“Talk to the other driver,” he shouted at his own, half visible on the box. “Find out why the comte has come here! Find out what he’s doing!”
Nothing good. He was sure of that. Though he couldn’t imagine why anyone would kidnap a nun and drag her out of Paris in the dark, only to stop at the edge of a public cemetery. Unless…half-heard rumors of depraved men who murdered and dismembered their victims, even those who ate…His wame rose and he nearly vomited, but it wasn’t possible to vomit and run at the same time, and he could see a pale splotch on the darkness that he thought—he hoped, he feared—must be Joan.
Suddenly the night burst into flower. A huge puff of green fire bloomed in the darkness, and by its eerie glow he saw her clearly, her hair flying in the wind.
He opened his mouth to shout, to call out to her, but he had no breath, and before he could recover it she vanished into the ground, the comte following her, torch in hand.

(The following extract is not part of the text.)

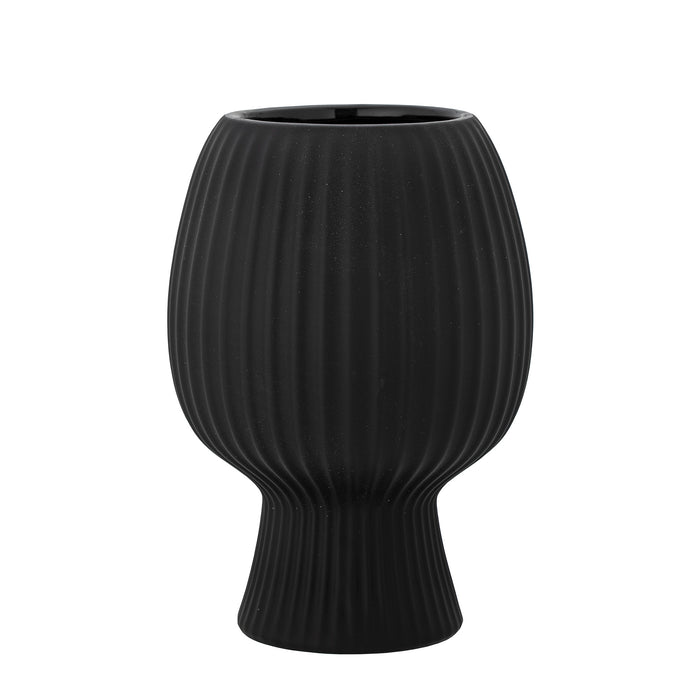 Black Upside Down Ribbed Vase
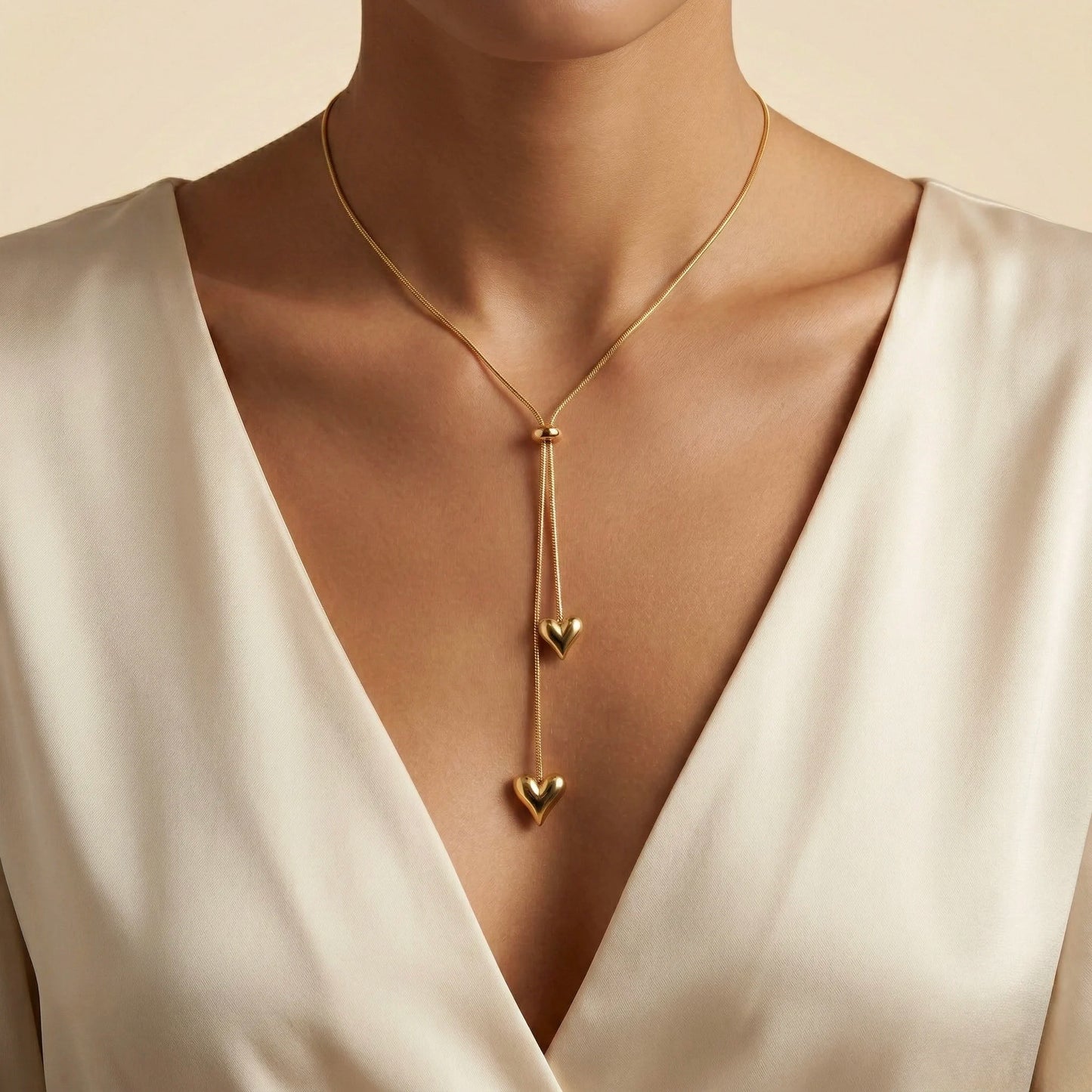 18Kt Gold Plated Double Heart Lariat Necklace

He reached the shaft moments later, and he saw below the faintest green glow, just vanishing down a tunnel. Without an instant’s hesitation, he flung himself down the ladder.
“DO YOU HEAR anything?” the comte kept asking her as they stumbled along the white-walled tunnels, he grasping her so hard by the arm that he’d surely leave bruises on her skin.
“No,” she gasped. “What…am I listening for?”
He merely shook his head in a displeased way, but more as though he was listening for something himself than because he was angry with her for not hearing it.
She had some hopes that he’d meant what he said and would take her back. He did mean to go back himself; he’d lit several torches and left them burning along their way. So he wasn’t about to disappear into the hill altogether, taking her with him to the lighted ballroom where people danced all night with the Fine Folk, unaware that their own world slipped past beyond the stones of the hill.
The comte stopped abruptly, hand squeezing harder round her arm.
“Be still,” he said very quietly, though she wasn’t making any noise. “Listen.”
She listened as hard as possible—and thought she did hear something. What she thought she heard, though, was footsteps, far in the distance. Behind them. Her heart seized up for a moment.
“What—what do you hear?” she thought of asking. He glanced down at her, but not as though he really saw her.
“Them,” he said. “The stones. They make a buzzing sound, most of the time. If it’s close to a fire feast or a sun feast, though, they begin to sing.”
“Do they?” she said faintly. He was hearing something, and evidently it wasn’t the footsteps she’d heard. The footsteps had stopped now, as though whoever followed was waiting, maybe stealing along, one step at a time, careful to make no sound.
“Yes,” he said, and his face was intent. He looked at her sharply again, and this time he saw her.
“You don’t hear them,” he said with certainty, and she shook her head. He pressed his lips tight together but after a moment lifted his chin, gesturing toward another tunnel, where there seemed to be something painted on the chalk.
He paused there to light another torch—this one burned a brilliant yellow and stank of sulfur—and she saw by its light the wavering shape of the Virgin and Child. Her heart lifted at the sight, for surely faeries would have no such thing in their lair.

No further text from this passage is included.